苦しい時に何をしたかで10年後の自分が決まる

さらに、売り上げが上がらない中、同じことをやっていてもダメだということで、新たなビジネスチャンスを作っていこうと、いろんな種をきました。

当時の事業は営業のアウトソーシングでしたが、お客さんは携帯電話業界やパソコン業界など、デジタル家電の業界が多かった。だから、ITバブルの崩壊の影響をもろに受けたわけですが、そのノウハウを使って横展開していくことを考えました。

クレジットカードや付加価値サービスなど、これもまたうまくいきました。新しい領域で売り上げを大きく上げることができ、後に100億円を超える売上高を記録することになるのです。

コロナの余波は、しばらく続いていくことになるでしょう。
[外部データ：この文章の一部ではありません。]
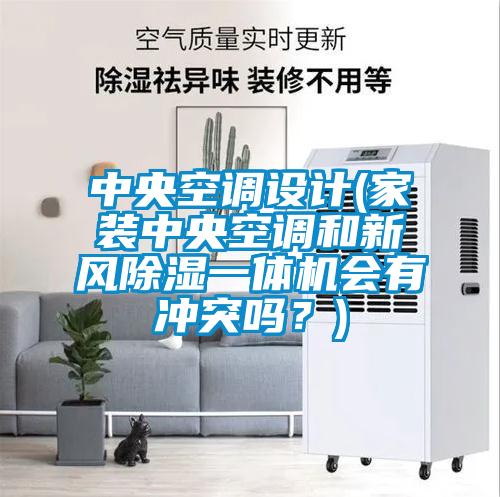中央空調(diào)設(shè)計(家裝中央空調(diào)和新風(fēng)除濕一體機會有沖突嗎？)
しかし、この苦しい時代に何をしたかが、後に大きく影響してきます。会社でも、個人でも。この1~2年のアクションが、この先10年後の自分を大きく変えることになるということです。ピンチのタイミングというのは、とても大事な時期なのです。だから、しっかり考えて動いていくべきなのです。

振り返ってみれば、私の場合は厳しい時代に立ち上げたもののほうが、明らかにうまくいっている印象があります。景気のいいときに始めたものではなく、不況のときや危機的状況のときに始めたものこそ、うまくいく。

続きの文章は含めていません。